After nearly five decades, they’ve likely figured out the secret to a long-lasting relationship, even if it’s purely musical:
“No cross words,” chuckled Rowe.
Photographs of the band from the 1970s show Rosenberg in bell-bottoms, and Rowe with side-swept bangs.
When The Telegram spoke with the musicians on Wednesday, Rosenberg wore a blue button-up dress shirt and Rowe’s hair was grey.
But some things never change: unwavering since Crooked Stovepipe formed in 1973 is the band’s vast repertoire, solid musicianship, and knack for performing country, folk, and Newfoundland music in the bluegrass style.
But how does a band keep its music fresh after so long?
For Crooked Stovepipe, the answer is enlisting young musicians.
Today, the age range between the band’s youngest member, fiddler Carole Bestvater, 30, and the eldest – Rosenberg, 80 – is 50 years.
“That really pushes us to stay on our toes and do our best. We find the energy to be able to keep up with them,” said Rowe, laughing as he adds: “So far.”
Ted’s son, Dave Rowe, has played with the band for 20 years. He said he’s learned a lot about bluegrass over the years and calls it “an honour” to be a member of the longest-running bluegrass band in Canada.
If anyone could attest that they are indeed the longest-running, it would be Rosenberg. He’s spent his life studying the genre and wrote what’s considered the definitive book about the history of bluegrass, titled “Bluegrass: A History”.
“There are quite a few bluegrass bands not only in Canada but in the United States that are like us – made up of what you might call weekend warriors – you know, people who play bluegrass and also do other things. So, it’s possible that there’s a band someplace in Canada that’s been together longer than we have, but we haven’t heard of them,” said Rosenberg.
“Until they show themselves, I think we’re going to stake out that territory,” laughed Ted.
And if Dave has his way, the band will be around for many more years to come.
“I look forward to playing with my father and Neil for as long as it’s possible, but I think that the band is going to continue on.
“I think Crooked Stovepipe is going to have a continual life even past the current generation because I plan on keeping it going – enlisting other bluegrass-minded musicians, and keep it rollin’ on.”

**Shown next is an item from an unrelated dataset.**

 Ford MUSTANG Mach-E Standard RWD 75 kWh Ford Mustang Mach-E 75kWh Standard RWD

In the meantime, they show no signs of slowing down.
After a tour last summer, the group thought it was time for a new studio album.

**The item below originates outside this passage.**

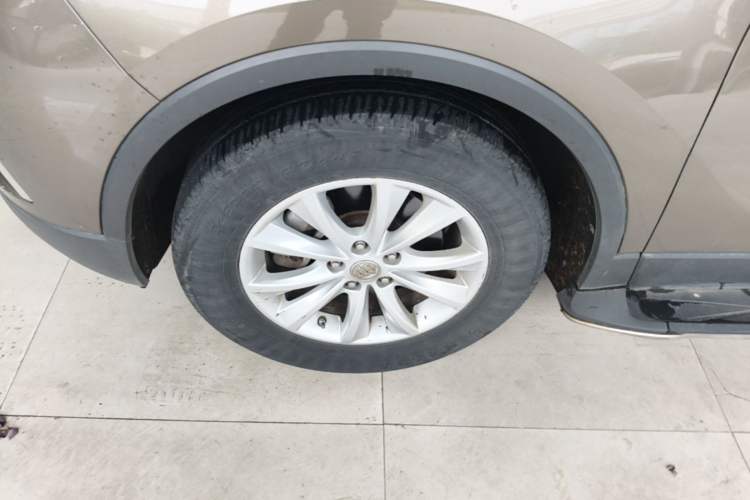Used Buick Envision 2017 28T Four-Wheel Drive Elite Model Left Front Wheel Hub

Beginning before Christmas last year and clewing up in February, they recorded “Hand-Picked Bluegrass Music From Newfoundland”.
It includes covers of tunes by Newfoundland songwriters, such as “Stop the Trains” by Sherry Ryan, “Vitamin C” by Peter Narváez, and “Take a Chance on Love” by Ron Hynes.
Of course, it’s got some bluegrass standards, such as “Ridin’ That Mighnight Train” and “Teardrops in My Eyes”.
There’s also an original instrumental tune composed by Rosenberg that’s built on the old-time piece “Sugar Hill”.
“Hand-Picked” was produced by acclaimed country and bluegrass guitarist Craig Young at his Paradise studio. He’s also the special guest at the band’s CD release party Thursday evening, July 25 at the Rocket Room on Water Street.
“Hand-Picked” is available at Fred’s Records, O’Brien’s Music and online at crookedstovepipe.com.